Andy Burnham's fiscal timebomb is revealed by the OBR, warns HAMISH MCRAE

If Britain’s public finances already look strained, current projections suggest the pressure could intensify sharply in the months and years to come.

That was the grim warning delivered by the Office for Budget Responsibility last week — and it is the unforgiving backdrop Andy Burnham will face when he takes office this month. My suspicion is that he has little sense of the scale of the challenge awaiting him.

The most urgent concern is that borrowing has already overshot expectations this financial year, with the deficit running 20 per cent above the OBR’s forecast.

Unless the picture improves, he and his Chancellor may be forced to trim public spending and raise taxes in the autumn Budget simply to realign the numbers with the plan set out by Rachel Reeves.

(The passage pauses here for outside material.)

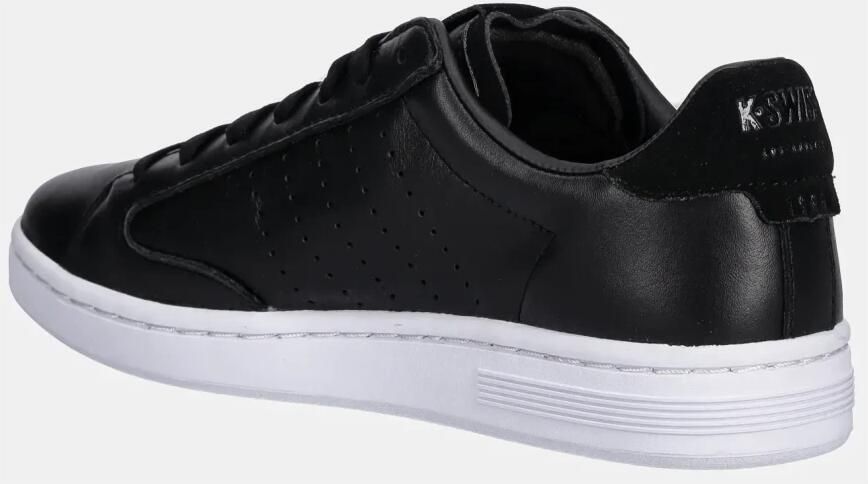 K-SWISS Sneakers laag 'Lozan Klub' - Foto 2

Yet the deeper difficulty lies further ahead. If he remains in place for another three years — the remainder of this parliament — that longer-term squeeze will become impossible to avoid.

At its heart, the problem is straightforward, and it is laid out clearly in the OBR’s report on Fiscal Risks and Sustainability.

Brewing fiscal storm: Whether we like it or not, the state cannot fix the financial mess we're in

Brewing fiscal storm: Like it or not, the state cannot solve the financial predicament on its own

As the population ages, a shrinking share of working-age people will be left to support a rising number of older citizens.

Not only do their pensions have to be paid, they also need more healthcare.

The Government cannot borrow its way out of this. If it tried to do so the national debt would triple to 300 per cent of national output, or gross domestic product. 

That would be higher than it was at the end of the Second World War. It can’t be done.

So there has to be some combination of higher taxes and lower spending, and the sooner the Government starts the less savage the transition will be.

There are all sorts of horror stories about what will happen to taxation in the years ahead, starting with what a Burnham government might do.

Ending the triple lock on pensions could be a start, though he has said he won’t do it. But even if you just switched to the single lock of pensions increasing in line with earnings, the cost to the taxpayer would keep rising.

Charge capital gains on people’s main home? That would help a bit but quite aside from gumming up the property market it wouldn’t bring in enough to help much.

Push the basic rate of income tax up from 20 per cent to the 40 to 50 per cent range – as it was from 1945 right through to 1971?

Well, that would fix it, but it would be pretty rough on the young, and I can’t see any government lasting long if it tried it.

What will instead happen is this. There will be tax rises, but they won’t be enough to pay for the burden on future governments.

There may be some sort of financial crisis in the next two or three years, forcing an emergency budget with savage cuts in spending, quite possibly bringing down the Burnham government.

But even if there isn’t, there will over the next decade be a gradual shift towards people depending less on the state and relying more on themselves.

The state will do the things that only it can do, such as defence. But it will try to cut back spending on services it would like to provide but can no longer afford.

You can see this happening already. Roughly 20 per cent of healthcare is now paid privately, up from 17 per cent 15 years ago.

Since auto-enrolment in private pensions began in 2012, the proportion of private sector workers in a pension scheme has doubled from 42 per cent to 86 per cent.

For people in care homes there has been a steady increase in the proportion paid privately, with more than half of the funding now coming from individuals and their families. 

Even for residents paid for by councils there has been a rise in top-up fees.

Parents and grandparents are increasingly paying university fees for their offspring, rather than them having to borrow at the Government’s usurious rates.

In housing, the Bank of Mum and Dad is now helping half of all first-time buyers.

This may seem unfair and in a way it is. Some families can and want to help the next generation. Others can’t or choose not to. 

It’s always difficult for people to cope with seismic social and financial changes. But, like it or not, as a country, we’re already moving to the idea that the state can’t fix it.

You trust yourself, as you have no idea what the Government will be doing in 20 or 30 years’ time.